Bugzilla – Bug 117884
acpid is leaking a file descriptor on every client disconnect
Last modified: 2007-06-05 11:20:16 UTC
On my toshiba laptop, acpid and hald-addon-acpi are eating all of the CPU cycles. Top looks like this: PID USER PR NI VIRT RES SHR S %CPU %MEM TIME+ COMMAND 5435 root 25 0 2400 572 308 R 65.1 0.1 10:52.92 acpid 5711 root 16 0 1788 172 136 S 27.2 0.0 4:21.36 hald-addon-acpi /var/log/acpid is full of lines like this: [Mon Sep 19 14:38:43 2005] ERR: can't accept client: Too many open files [Mon Sep 19 14:38:43 2005] ERR: can't accept client: Too many open files [Mon Sep 19 14:38:43 2005] ERR: can't accept client: Too many open files [Mon Sep 19 14:38:43 2005] ERR: can't accept client: Too many open files [Mon Sep 19 14:38:43 2005] ERR: can't accept client: Too many open files [Mon Sep 19 14:38:43 2005] ERR: can't accept client: Too many open files [Mon Sep 19 14:38:43 2005] ERR: can't accept client: Too many open files [Mon Sep 19 14:38:43 2005] ERR: can't accept client: Too many open files /var/log/acpid grows at about 2MB/sec!. It has filled the / filesystem. If I clobber it with "> /var/log/acpid" it starts over and fills the filesystem again. I'll attach gdb and strace output from attaching to these procs. It's a vanilla 10.0RC4 install. Haven't done much with it other than install, and suspend to disk + resume.

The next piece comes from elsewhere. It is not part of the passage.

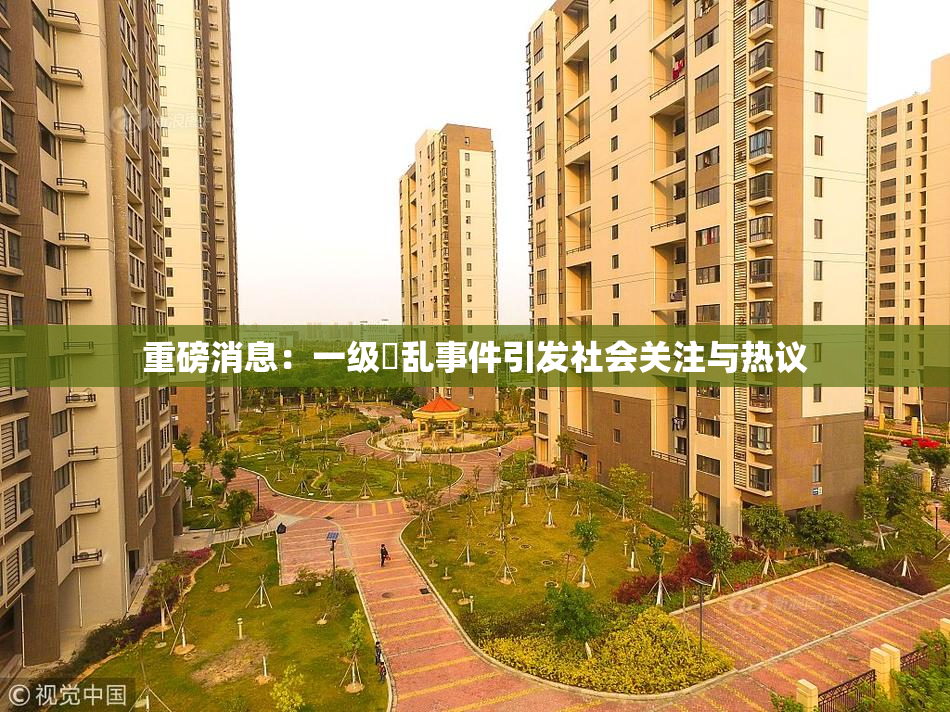 重磅消息：一级婬乱事件引发社会关注与热议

Created attachment 50358 [details] gdb stacktraces of both processes
Created attachment 50359 [details] strace of acpid
Created attachment 50360 [details] strace of hald-addon-acpi
Created attachment 50362 [details] hwinfo for Toshiba Tecra 9000
I just noticed that the strace.acpid.out might not be very usefull since it's full of 'no space left on device' errors. However, even after clobbering the acpid logfile so that there was planty of free space on the device, the behavior continues. The acpid problem caused the disk to be full, not the other way around. Unfortunately I've since killed acpid so I can't get an strace while the filesystem isn't full. :( I'll get another if it happens again.
please add output of 'lsof | grep acpi'
I've got strace output now and the filesystem wasn't full. Sorry, forgot to get lsof output. :( I'll get it next time. Thus far this has happened every time I've used the laptop since putting 10.0 on it, so it seems to be a serious problem.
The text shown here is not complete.